* _What you have to do_: Please repeat, exactly and without pictures, the lines of the entries below that run from the one containing "WF12 9QN map" through the one containing "30 Nails Set".

* _Extracted information_:
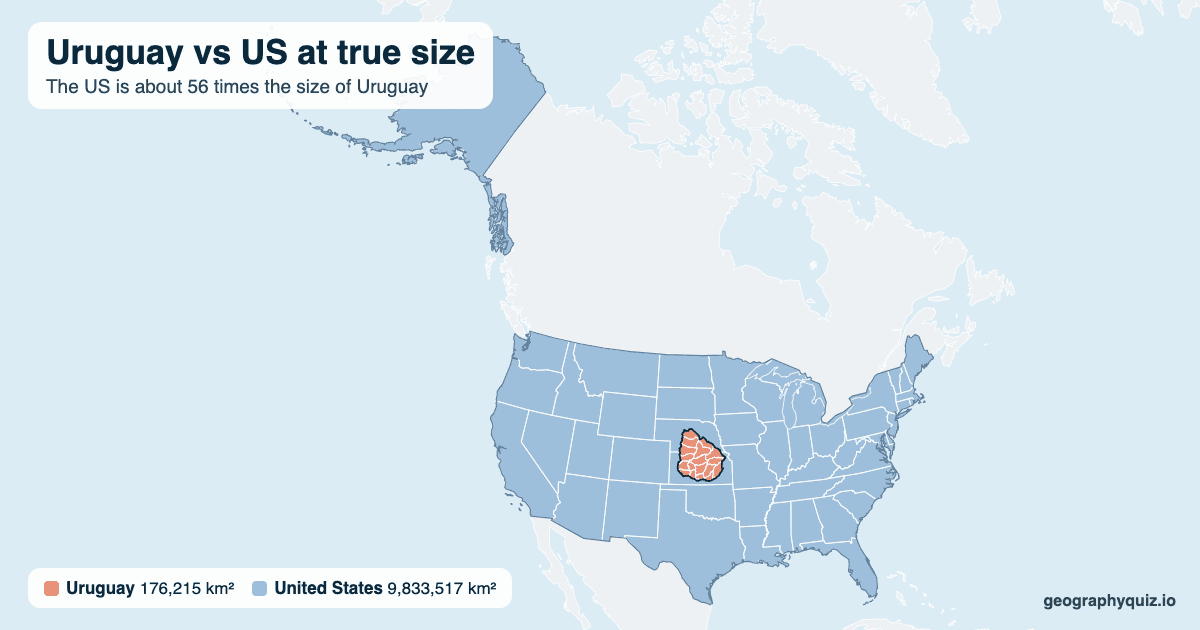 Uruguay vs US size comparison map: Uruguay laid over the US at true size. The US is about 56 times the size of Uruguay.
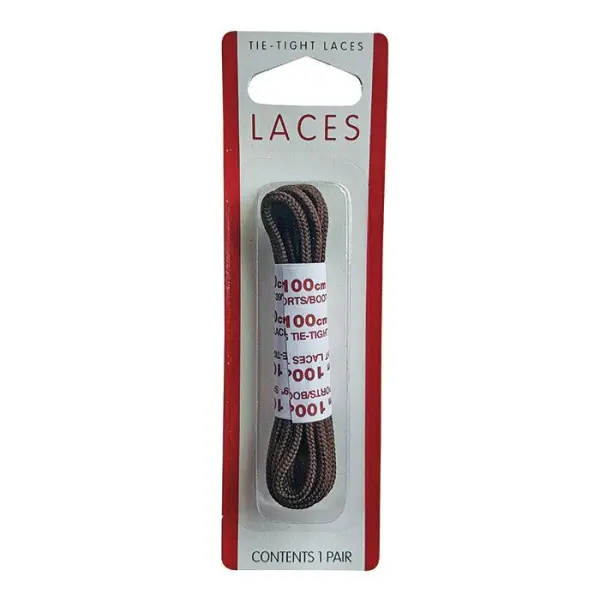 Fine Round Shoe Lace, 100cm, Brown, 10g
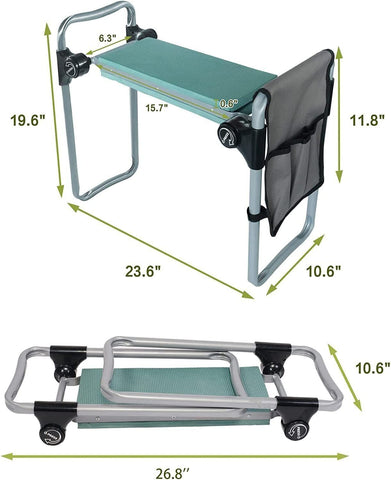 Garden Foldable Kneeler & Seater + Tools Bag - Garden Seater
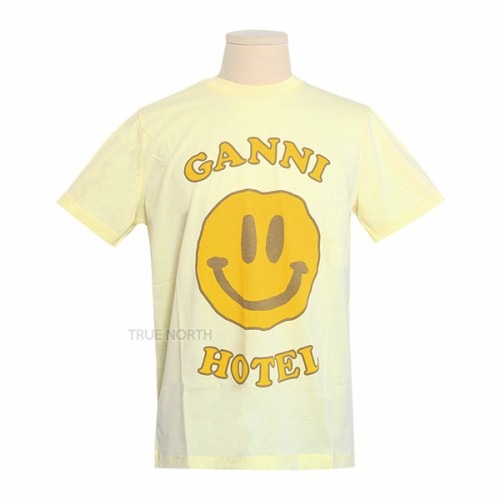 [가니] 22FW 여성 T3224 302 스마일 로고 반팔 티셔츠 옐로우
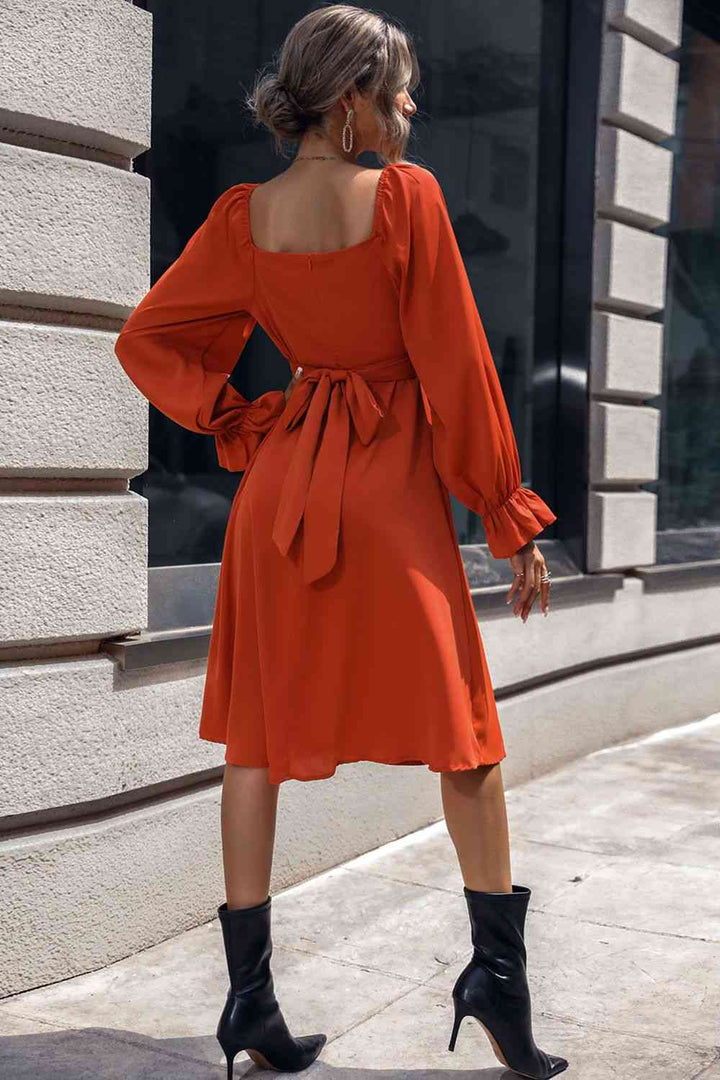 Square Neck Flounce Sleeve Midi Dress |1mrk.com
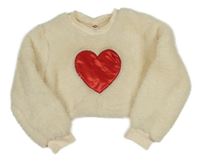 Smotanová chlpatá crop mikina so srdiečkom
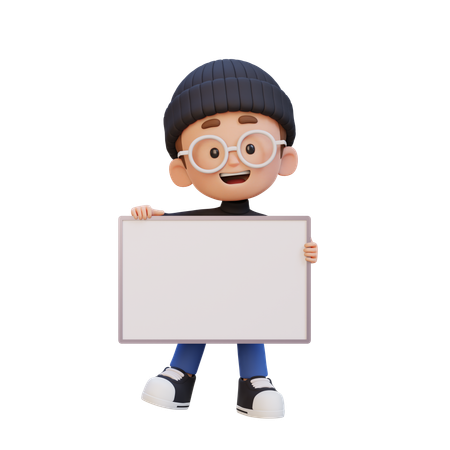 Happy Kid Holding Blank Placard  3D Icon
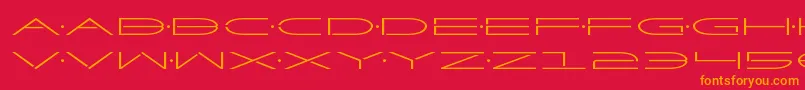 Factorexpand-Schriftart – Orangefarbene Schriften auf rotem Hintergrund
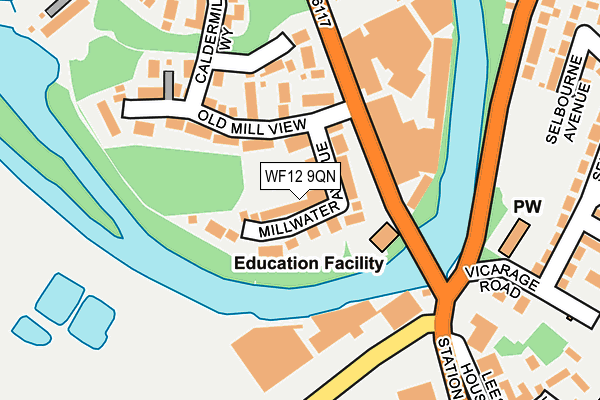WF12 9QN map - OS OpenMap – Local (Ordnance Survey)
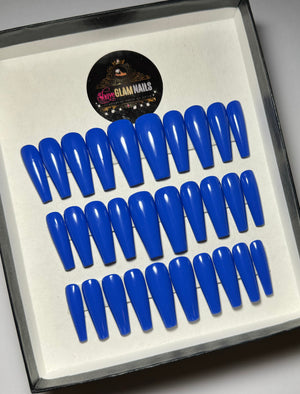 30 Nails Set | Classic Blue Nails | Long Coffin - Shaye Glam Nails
...
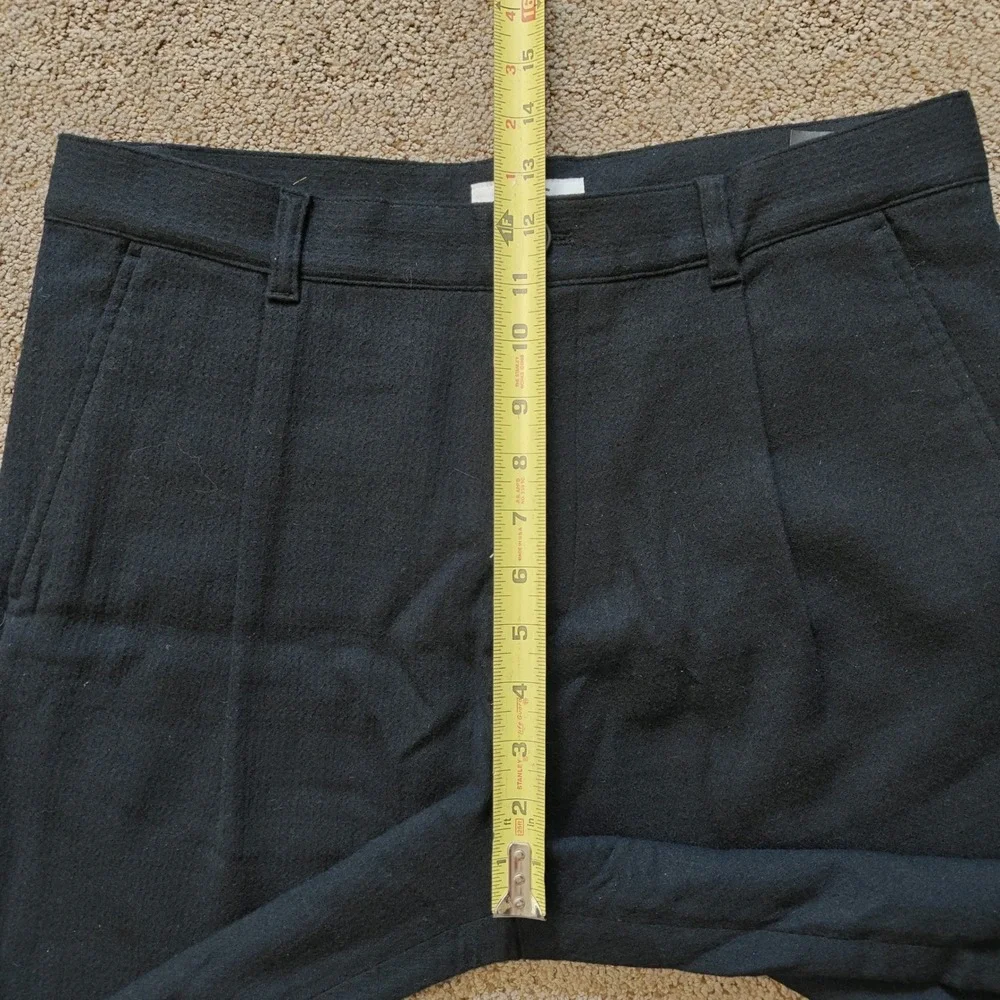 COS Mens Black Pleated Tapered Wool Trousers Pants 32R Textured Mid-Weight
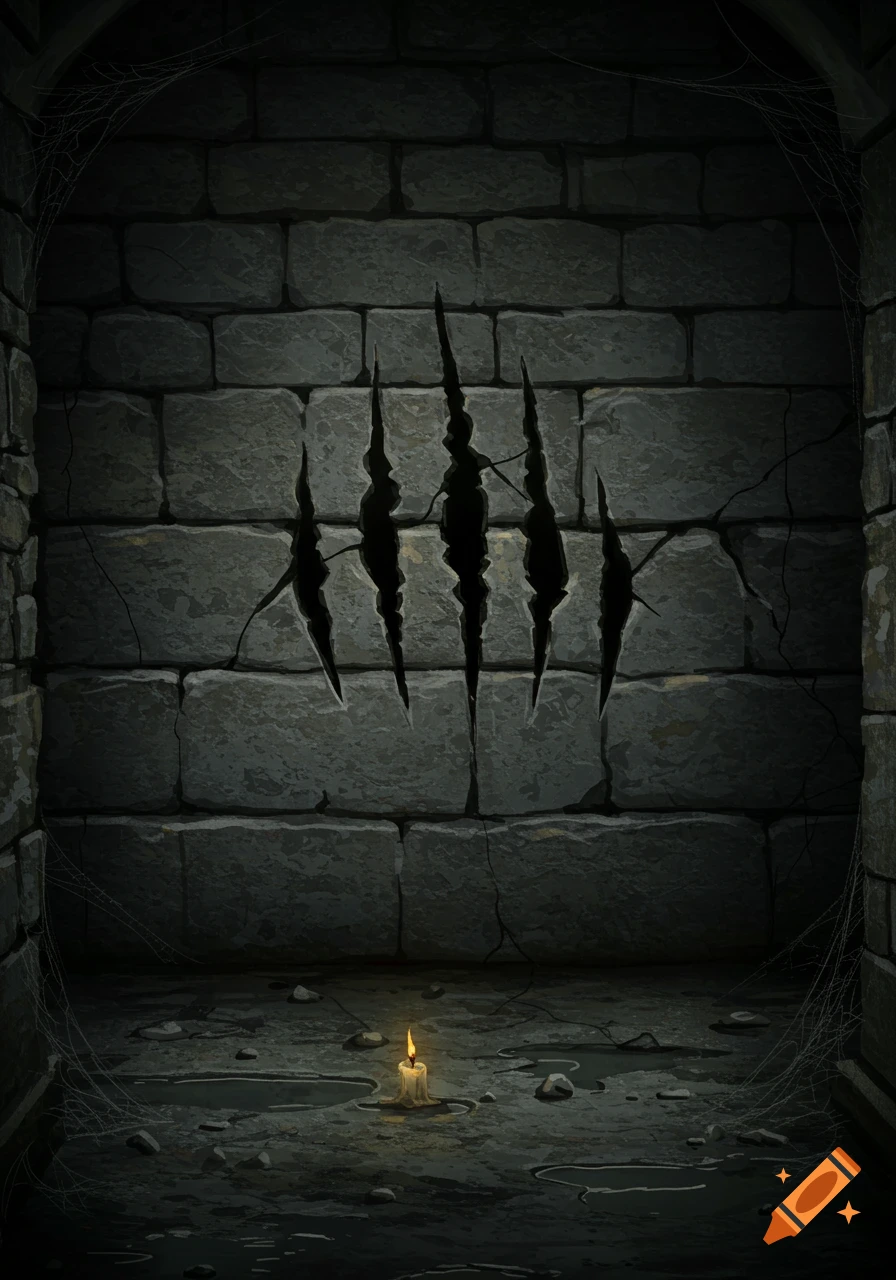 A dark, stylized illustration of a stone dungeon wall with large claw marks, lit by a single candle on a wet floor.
==
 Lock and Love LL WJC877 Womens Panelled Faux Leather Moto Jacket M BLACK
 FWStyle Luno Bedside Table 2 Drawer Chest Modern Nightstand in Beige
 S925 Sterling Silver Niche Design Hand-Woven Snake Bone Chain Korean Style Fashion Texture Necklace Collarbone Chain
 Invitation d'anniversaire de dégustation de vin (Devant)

* _The completed task_:
WF12 9QN map - OS OpenMap – Local (Ordnance Survey)
 30 Nails Set | Classic Blue Nails | Long Coffin - Shaye Glam Nails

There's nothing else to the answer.